Captioned web image data:
= Beginning of Section =
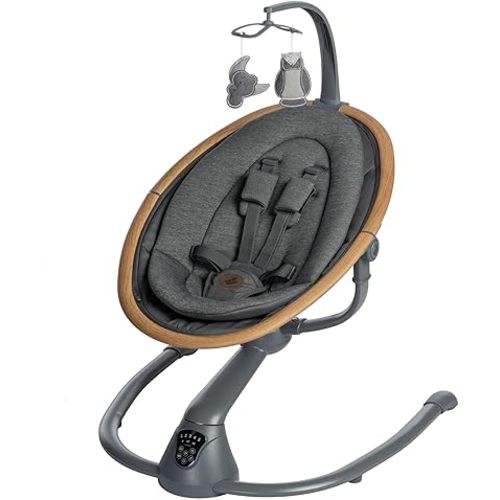 Maxi-Cosi Cassia Baby Swing, infant swing, automatic motion sensor, music, toys, recline, portable, 360 degree rotation, lightweight & foldable, Classic Graphite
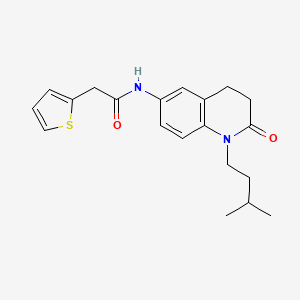 molecular formula C20H24N2O2S B2957277 N-(1-isopentyl-2-oxo-1,2,3,4-tetrahydroquinolin-6-yl)-2-(thiophen-2-yl)acetamide CAS No. 946221-20-1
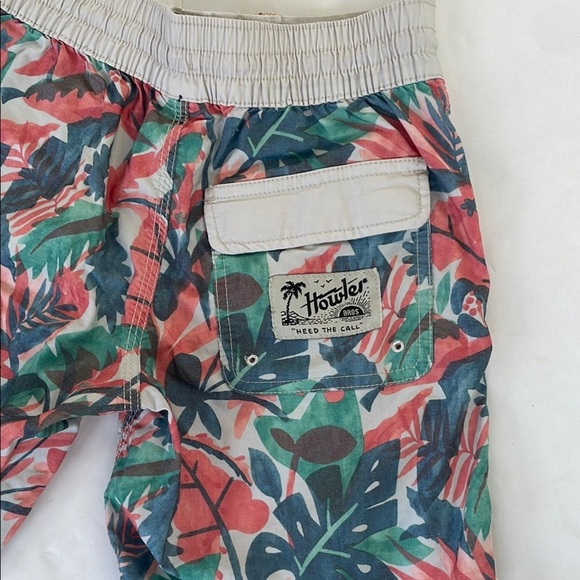 Howler Brothers Boys Red and Green Swim Trunks Tropical Design Medium - Picture 6 of 14
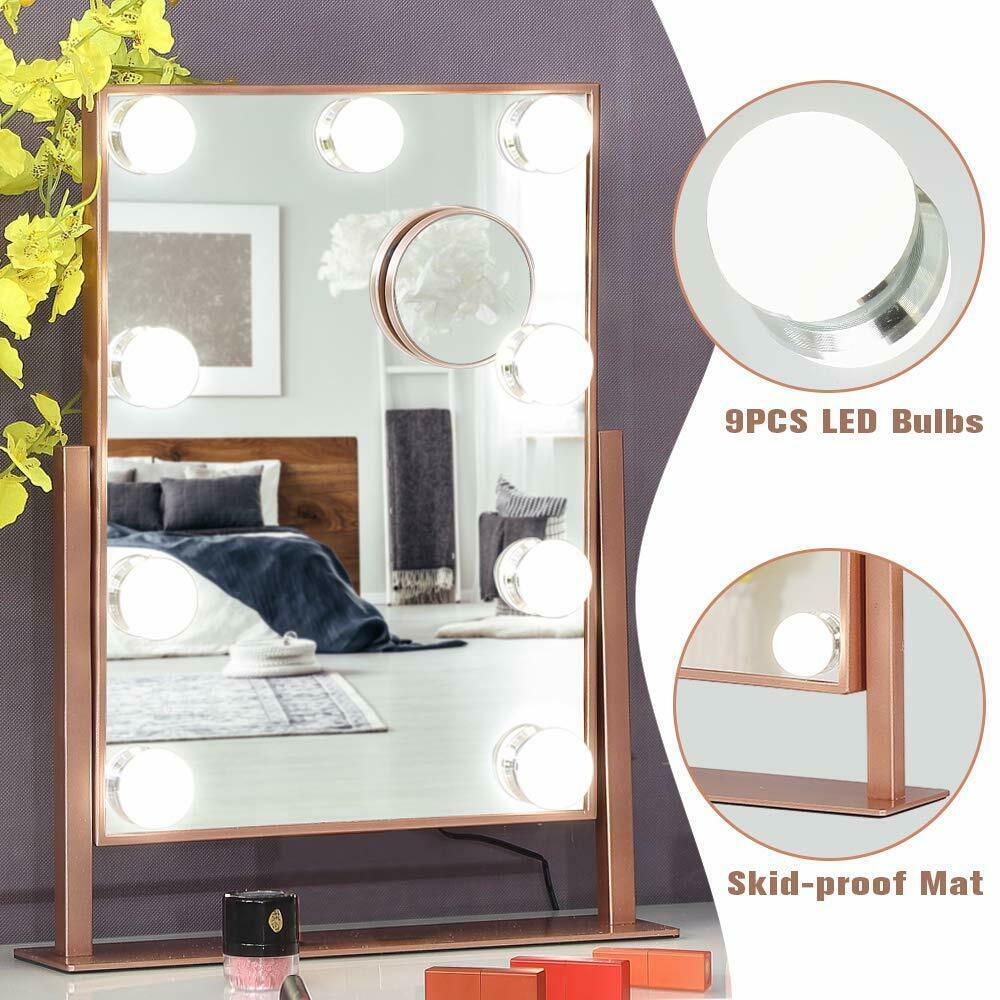Hollywood Mirror with Light Large Lighted Makeup Mirror Vanity Makeup Mirror Smart Touch Control 10X Magnification 360°Rotation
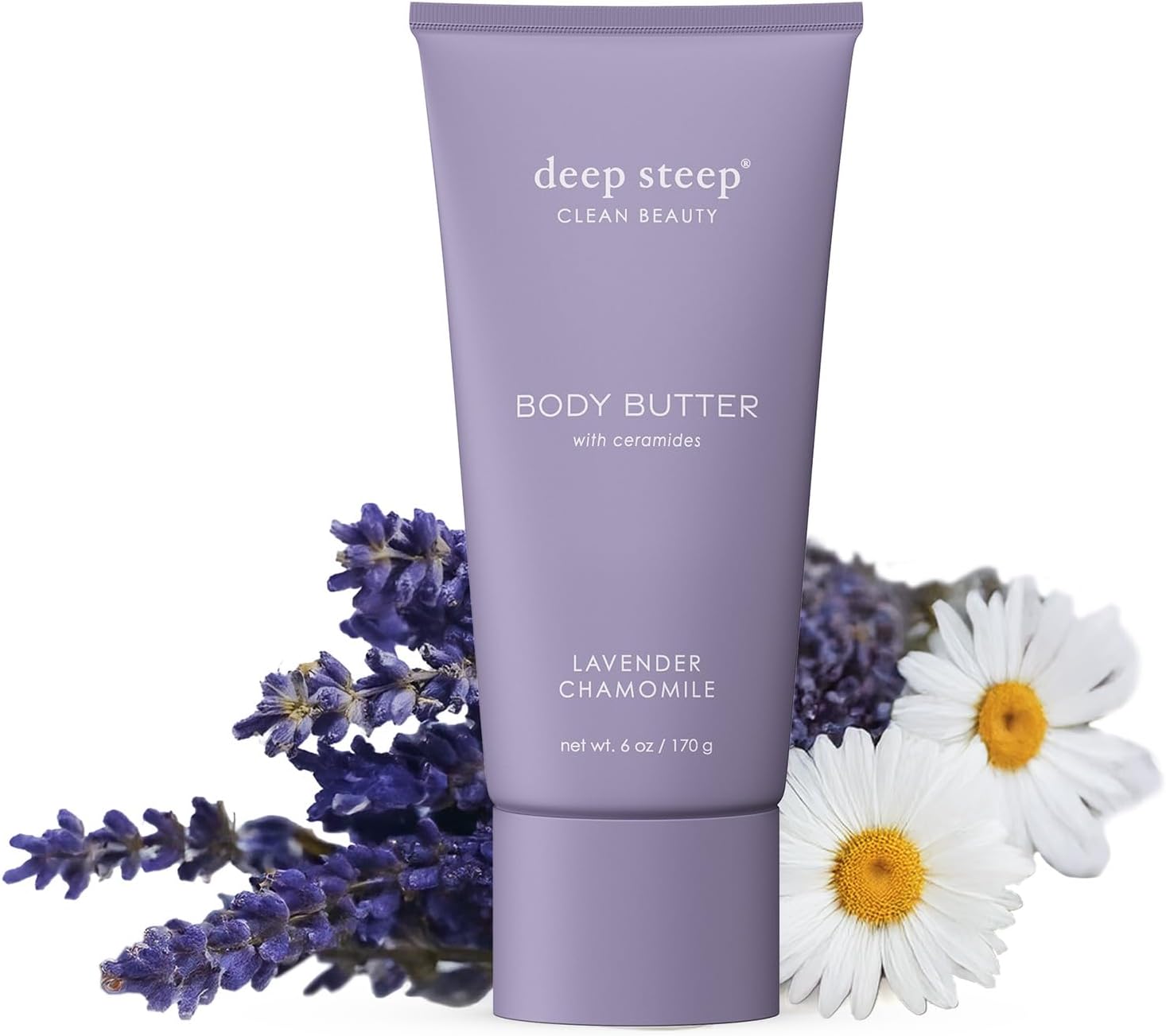 Body Butter, 6 oz – Rich Moisturizer with Ceramides, Coconut Oil, Argan Oil & Aloe Vera – Vegan, Clean Beauty, Smooth & Hydrated Skin (6 Ounces, Lavender Chamomile)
= End of Section =
- WHAT THE EXERCISE ASKS -
Retype exactly the lines from the line containing "Howler Brothers Boys" through the end of the entries above, including both ends, and leave every picture out.

- SOLUTION TO THE PROBLEM -
 Howler Brothers Boys Red and Green Swim Trunks Tropical Design Medium - Picture 6 of 14
Hollywood Mirror with Light Large Lighted Makeup Mirror Vanity Makeup Mirror Smart Touch Control 10X Magnification 360°Rotation
 Body Butter, 6 oz – Rich Moisturizer with Ceramides, Coconut Oil, Argan Oil & Aloe Vera – Vegan, Clean Beauty, Smooth & Hydrated Skin (6 Ounces, Lavender Chamomile)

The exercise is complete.